The Bookseller has reported that Borders has secured $550 million of funding from GE Capital, contingent on publishers also providing $125 million. Borders says it does not rule out bankruptcy, and that publishers are “extremely reluctant” to take notes instead of missed payments. (I find it hard to blame them.)

According to Publishers Weekly, publishers turned down a request by Borders for another meeting. They seem to be notably skeptical about Borders’s future, and I find it hard to blame them. It may be time for publishers to cut their losses—there is such a thing as throwing good money after bad.

On the SabDesi blog, an article from trading site Benzinga points out that e-books have a lot to do with Borders’s failure to keep up.

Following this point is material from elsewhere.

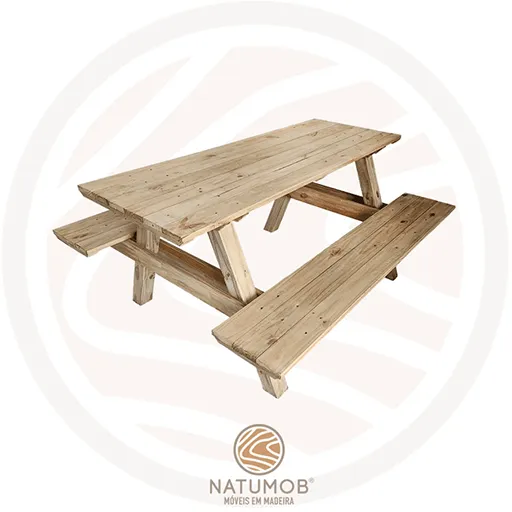 Mesa Piquenique de madeira Rustica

Where did Borders go wrong? Nearly identical competitor Barnes & Noble is not going bankrupt, and there is still room in the market for booksellers like Amazon, so why is Borders struggling so much? The issues seem to stem from Borders’ inability to keep pace with technology and consumer demands. Barnes & Noble responded quickly to the Amazon Kindle with the Nook series. According to The Street. IBIS analyst Mary Gotaas says Borders simply sold the Sony and Kobo e-readers instead of developing its own product. Gotaas also says it was a mistake for Borders to abstain from e-commerce, as the company allowed Amazon to handle its online sales. On the other hand, Barnes & Noble created its own system for internet sales. The last mistake Gotaas cites is that Borders did not begin its own internet sales until 2010, whereas Barnes & Noble began its internet sales in 2009.

It’s not clear yet how Borders’s failure could affect Kobo, apart from depriving it of its best known retail chain.